A user can enter commands and information into the computer 1802 through one or more wired/wireless input devices 1828, such as a keyboard and a pointing device, such as a mouse. Other input devices (not shown) may include a microphone, an IR remote control, a joystick, a game pad, a stylus pen, touch screen, or the like. These and other input devices are often connected to the processing unit 1804 through an input device (interface) port 1830 that is coupled to the system bus 1808, but can be connected by other interfaces, such as a parallel port, an IEEE 1094 serial port, a game port, a USB port, an IR interface, etc. Additionally, the interface ports 1830 may include one or more channels of digital and/or analog input. The interface ports for analog signals will receive for example a voltage input coming from a process sensor such as a temperature sensor. The voltage input to the interface ports 1830 from the temperature sensor may vary linearly with the temperature of the sensor. The interface port will generate a digital value that corresponds to the voltage presented to the interface ports. The digital representation of the sensor value will be processed, averaged, or filtered as needed for use by applications 1820 and/or modules 1824. The interface ports may also receive digital inputs such from a switch or a button and similarly provide this digital value to applications 1820 and/or modules 1824.

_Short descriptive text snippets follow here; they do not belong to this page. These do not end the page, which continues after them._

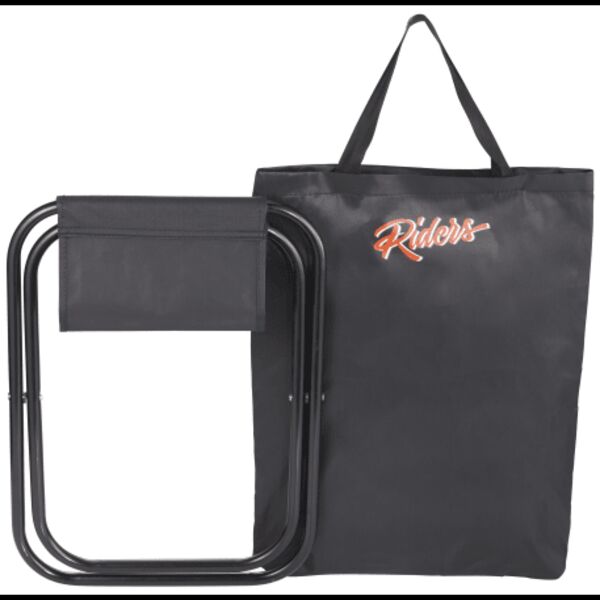 Game Day Folding Stool (220lb Capacity) Thumbnail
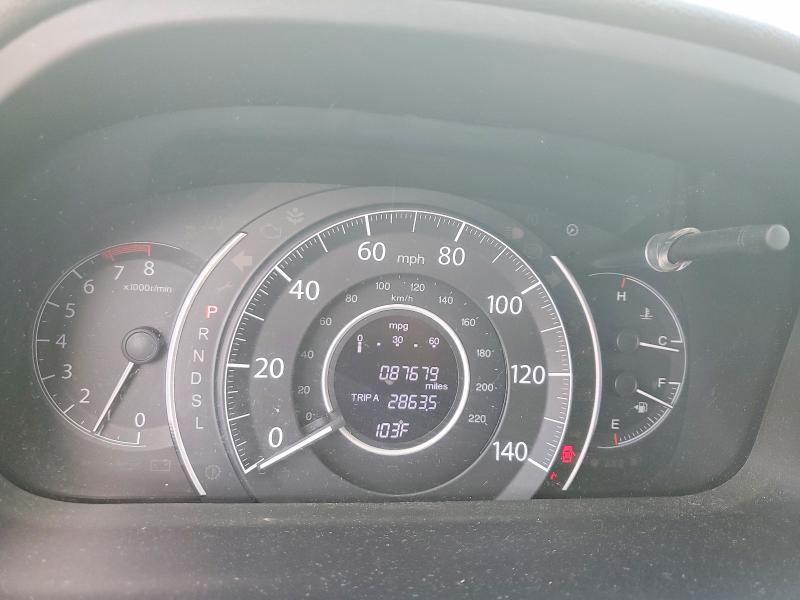 Photo 9 from auction – 2015 HONDA CR-V with VIN 5J6RM4H79FL091629
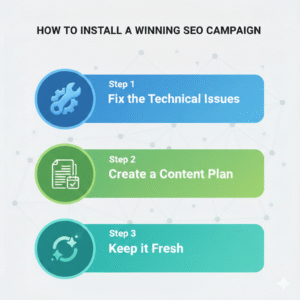 How to Install a Winning SEO Campaign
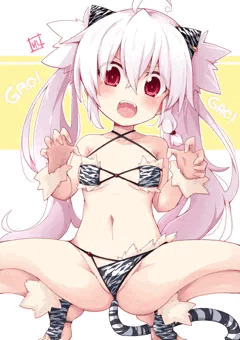 しろいとら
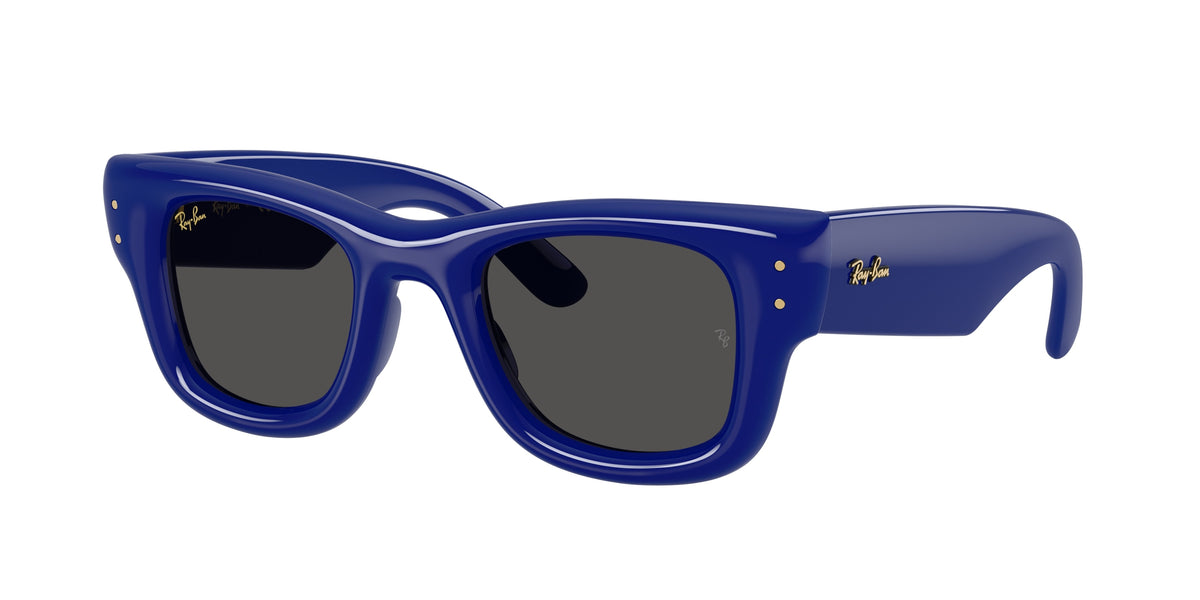 RAY-BAN 0RB4940 BLUE square sunglasses by RAY-BAN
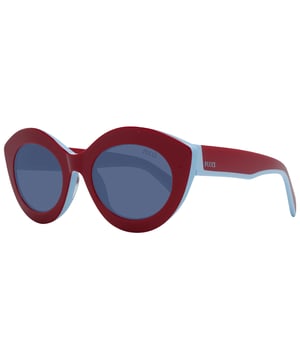 Genero: Mujer
Color principal: Rojo
Color del marco: Rojo
Material del marco: Plastico
color de la lente: Azul
Material de la lente: Plastico
Categoria del filtro: 3
Estilo: Ojos de gato
la tecnologia de lentes: Ningun
proteccion: 100% UVA & UVB
Grosse: 53-22-140
anchura de la lente: 53
Altura de la lente: 38
Ancho del puente: 22
ancho de las gafas: 150
longitud de la varilla: 140
bisagra con muelle: No
entrega: Estuche originalsa de gafas original, documentacion, pano de limpieza
Estilo: Llanta completa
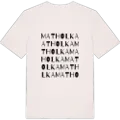 Matholka ordlek t-shirt
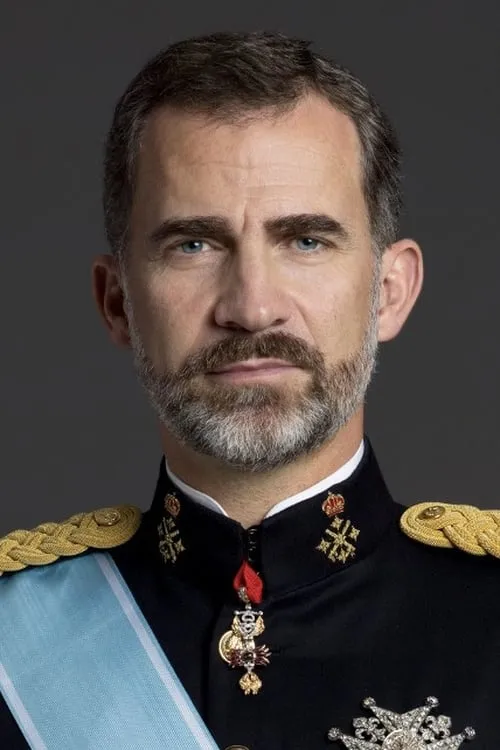 King Felipe VI of Spain interpretando a Himself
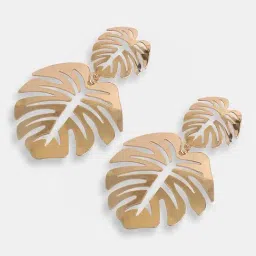 Sohi Gold Plated Party Designer Drop Earrings-image-96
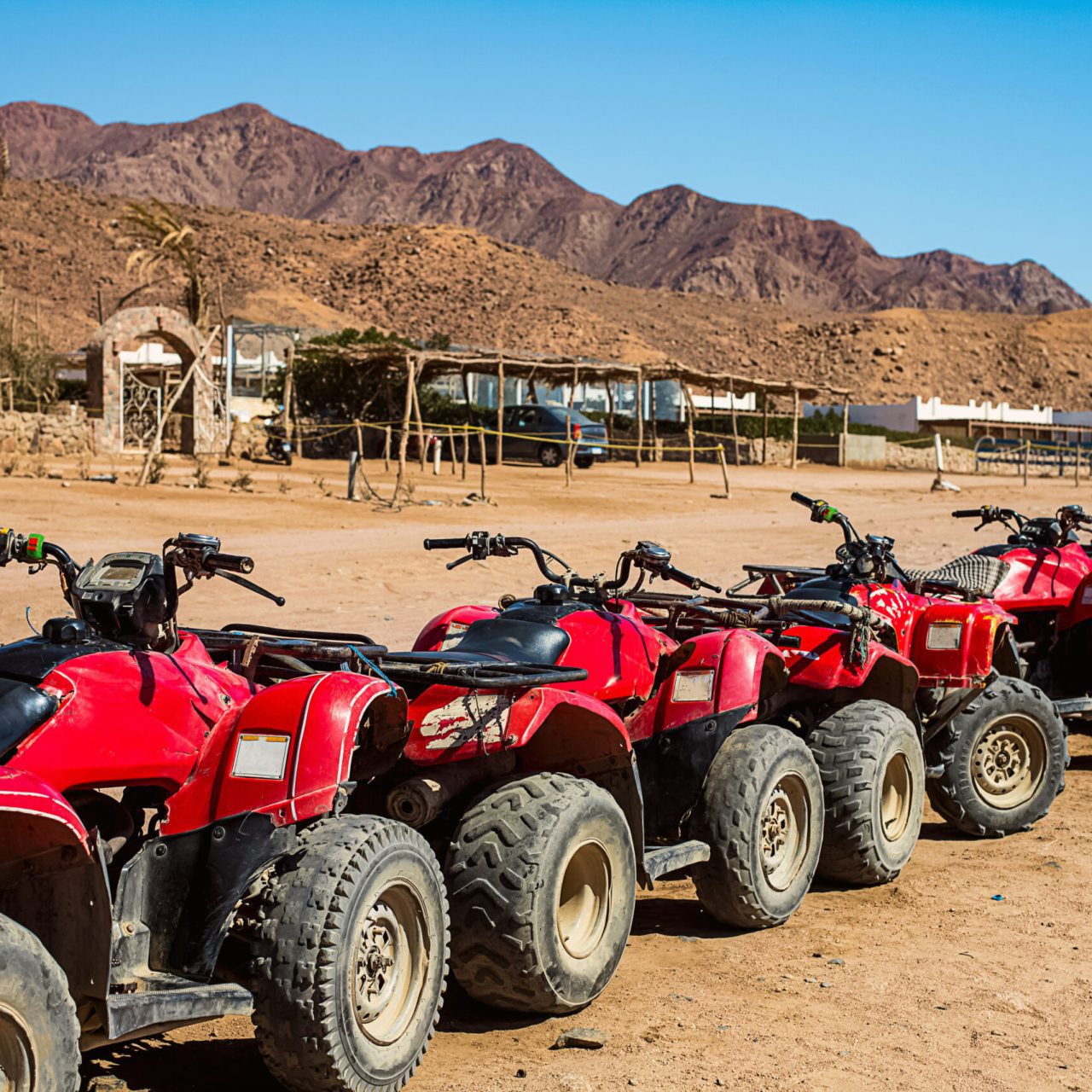 Desert Safari & BBQ Dinner in Hurghada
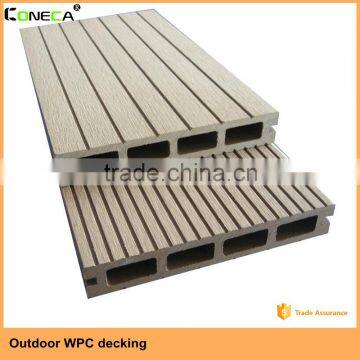 Durable good price eco wpc outdoor flooring/boat decking/wpc decking flooring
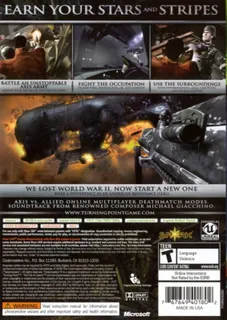 Turning Point : Fall Of Liberty dos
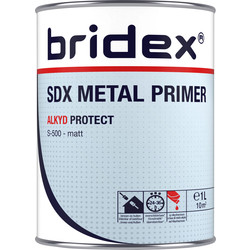 Bridex Bridex SDX Metal Primer alkyd 1L wit - 10658 - van Toolstation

A monitor or other type of display device is also connected to the system bus 1808 via an output (adapter) port 1834, such as a video adapter. In addition to the monitor, a computer typically includes other peripheral output devices 1836, such as speakers, printers, etc. The output adapters may also provide one or more digital and/or analog values for use by display, control, or other computer-based devices. For example, the output adapter 1834 could provide a voltage signal between about 0 volts and 10 volts that correspond to the desired speed of a mixing motor such that about 0 volts corresponds to around 0 rpm (revolutions per minute) and about 10 volts corresponds to around 1200 rpm.

The computer 1802 may operate in a networked environment using logical connections via wired and/or wireless communications to one or more remote computers, such as a remote computer(s) 1838. The remote computer(s) 1838 can be a workstation, a server computer, a router, a personal computer, portable computer, microprocessor-based entertainment appliance, a peer device or other common network node, and typically includes many or all of the elements described relative to the computer 1802, although, for purposes of brevity, only a memory/storage device 1840 is illustrated. Multiple computers may operate in an integrated manner to control a single (e.g., multi-step) production process. Process control tasks may be distributed across multiple computers. For example, an agent-based control architecture may have all the agents reside in a single computer-based controller or may have several or more agents reside in several computer-based controllers, or have each agent reside in a separate computer-based controller.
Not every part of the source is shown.